We also know this from the New York Times, though we don't know it's describing the same source:
At least one government informant met with Mr. Trump’s former campaign aides, Carter Page and George Papadopoulos, current and former officials said.
Another report today, from CNN, includes the claim sourced to anonymous US officials that:
"the confidential intelligence source was not planted inside the campaign to provide information to investigators."
But what we don't know:
We don’t know what the informant’s relationship to the Trump campaign was. Was he or she on the staff? An outside adviser? Just someone who came in contact with people on the campaign for some other reason? We have no idea.
But we have no idea whether the informant was “implanted.” This morning, Trump’s lawyer Rudy Giuliani said, “We’re told there were two infiltrations, two embedded people in the campaign.” Pressed on where he learned this, Giuliani was vague. Given how often he has said things that he quickly walked back or turned out to be bogus, there’s no reason to think he has any idea what he’s talking about. But it’s theoretically possible.

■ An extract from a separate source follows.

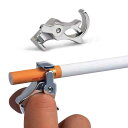 シガレットホルダー 金属 メンズ レディース たばこ ホルダー クリップ アクセサリー リング 指輪タイプ 喫煙具 ユニークアイテム 楽ちん ながらアイテム 愛...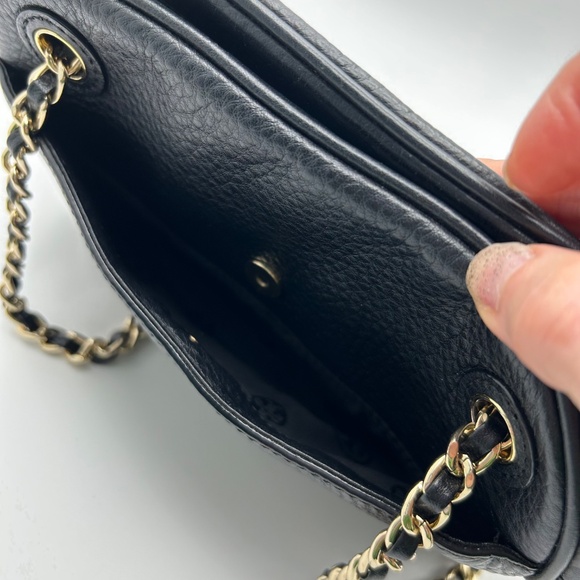 Tory Birch Thea Chain Shoulder Crossbody Black EUC - Picture 12 of 12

We know essentially nothing about what information the informant provided. We don’t know what the informant has passed on to investigators. We don’t know how central this information became to the investigation, or if it revealed any crimes. The information could be the key to the whole case, or it could be of little or no importance.
In other words, there is not enough public information from reliable sources at this time to understand who all the FBI has received information from. But if today's reports prove accurate, we know that the source was not "planted" inside the campaign.
There is also an issue with the definition of "embedded informant" here. If someone voluntarily reports information and becomes a source because they were, as Simpson said, "concerned," that's not the same thing as the FBI directing someone under its control to join the campaign for the purpose of gathering information. If I witness a stabbing on the street and call the emergency services, I'm not "an embedded informant"; I'm a witness notifying law enforcement about something I see. We don't yet know enough about the source's (or sources') relationship with the campaign and the government to know whether anyone was "embedded" or under what circumstances they came to know what they knew.
In short, there is evidence that there is at least one confidential human source who provided information about the investigation. There is not sufficient reliable public evidence to entirely understand who the source or sources are, their connection to the campaign or law enforcement, how the relationship came to be, or what information they provided. There is at least some information indicating the source was not "planted." Given this, there is also not yet any public evidence to conclude the FBI did anything improper with this source or that it is "bigger than Watergate."